In many cases, there may not be a way to prevent hypoglycemia in a newborn baby. For a baby with risk factors, healthcare providers will need to watch carefully for the signs and treat as soon as possible. Mothers with diabetes should keep their blood glucose levels in a normal range during pregnancy. This may help lower the risk for their baby.
When should I call my child’s healthcare provider?
Call your baby’s healthcare provider right away you see signs of low blood sugar in your baby. Give your baby formula or a glucose and water mixture, if advised.
Key points about hypoglycemia in a newborn baby
- Hypoglycemia is a condition in which the level of glucose in the blood is lower than normal.
- A baby is at risk if he or she has a mother with diabetes, is preterm, or is large.
- If your baby has signs of hypoglycemia, give him or her formula or glucose and water mixture.

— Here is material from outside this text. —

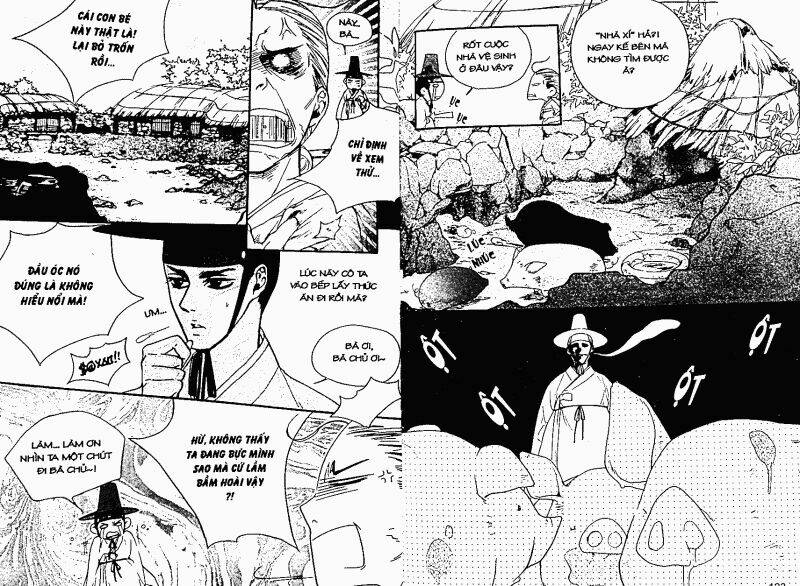 chuyện tình đảo thiên đường chapter 1 42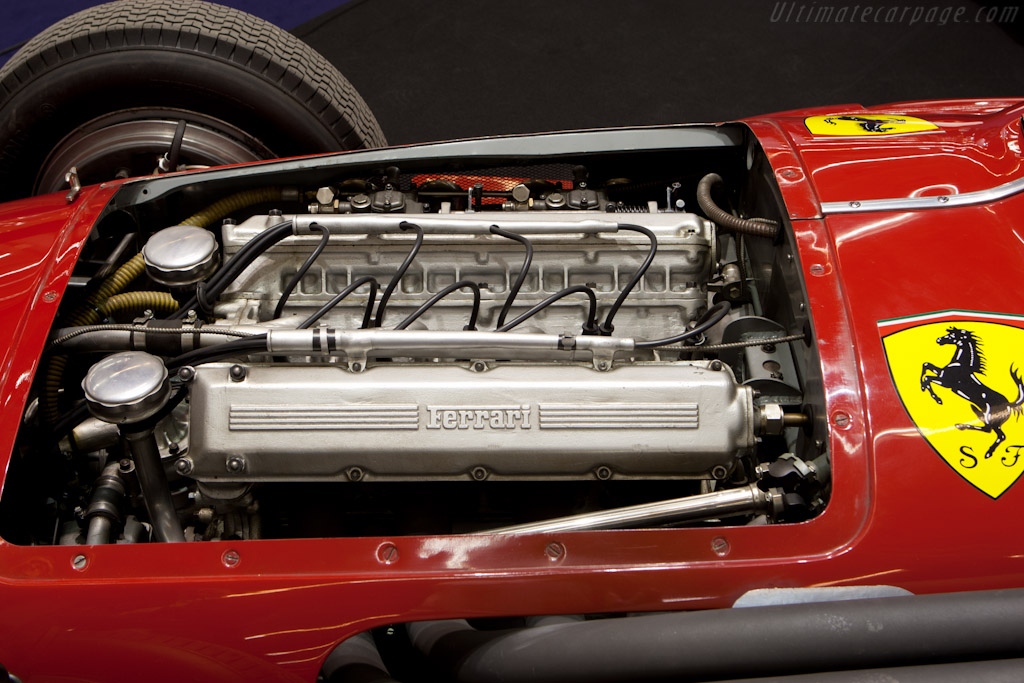 Ferrari 555 Super Squalo - Chassis: FL/9001  - 2011 Retromobile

Tips to help you get the most from a visit to your child’s healthcare provider:
- Know the reason for the visit and what you want to happen.
- Before your visit, write down questions you want answered.
- At the visit, write down the name of a new diagnosis, and any new medicines, treatments, or tests. Also write down any new instructions your provider gives you for your child.
- Know why a new medicine or treatment is prescribed and how it will help your child. Also know what the side effects are.
- Ask if your child’s condition can be treated in other ways.
- Know why a test or procedure is recommended and what the results could mean.
- Know what to expect if your child does not take the medicine or have the test or procedure.
- If your child has a follow-up appointment, write down the date, time, and purpose for that visit.
- Know how you can contact your child’s provider after office hours. This is important if your child becomes ill and you have questions or need advice.